Emanuele Andreano1 , Giulia Piccini2 , Danilo Licastro4 , Lorenzo Casalino5 , Nicole V. Johnson6 , Ida Paciello1 , Simeone Dal Monego4 , Elisa Pantano1 , Noemi Manganaro1 , Alessandro Manenti2,3 , Rachele Manna2 , Elisa Casa2,3, Inesa Hyseni2,3, Linda Benincasa3 , Emanuele Montomoli2,3,7 , Rommie E. Amaro5 , Jason S. McLellan6 , Rino Rappuoli1,8,*
doi: https://doi.org/10.1101/2020.12.28.424451
ABSTRACT
To investigate the evolution of SARS-CoV-2 in the immune population, we co-incubated authentic virus with a highly neutralizing plasma from a COVID-19 convalescent patient. The plasma fully neutralized the virus for 7 passages, but after 45 days, the deletion of F140 in the spike N-terminal domain (NTD) N3 loop led to partial breakthrough.

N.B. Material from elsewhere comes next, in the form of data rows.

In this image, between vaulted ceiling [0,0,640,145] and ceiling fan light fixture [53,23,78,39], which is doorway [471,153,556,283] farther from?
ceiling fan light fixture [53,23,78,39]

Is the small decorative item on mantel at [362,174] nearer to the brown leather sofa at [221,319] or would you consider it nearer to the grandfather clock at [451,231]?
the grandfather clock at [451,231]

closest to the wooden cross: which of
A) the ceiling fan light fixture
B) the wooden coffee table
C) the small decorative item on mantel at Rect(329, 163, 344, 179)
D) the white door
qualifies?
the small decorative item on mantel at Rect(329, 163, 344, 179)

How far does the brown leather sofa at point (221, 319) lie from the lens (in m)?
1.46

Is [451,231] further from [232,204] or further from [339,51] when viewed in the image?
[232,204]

At day 73, an E484K substitution in the receptor-binding domain (RBD) occurred, followed at day 80 by an insertion in the NTD N5 loop containing a new glycan sequon, which generated a variant completely resistant to plasma neutralization. Computational modeling predicts that the deletion and insertion in loops N3 and N5 prevent binding of neutralizing antibodies. The recent emergence in the United Kingdom and South Africa of natural variants with similar changes suggests that SARS-CoV-2 has the potential to escape an effective immune response and that vaccines and antibodies able to control emerging variants should be developed.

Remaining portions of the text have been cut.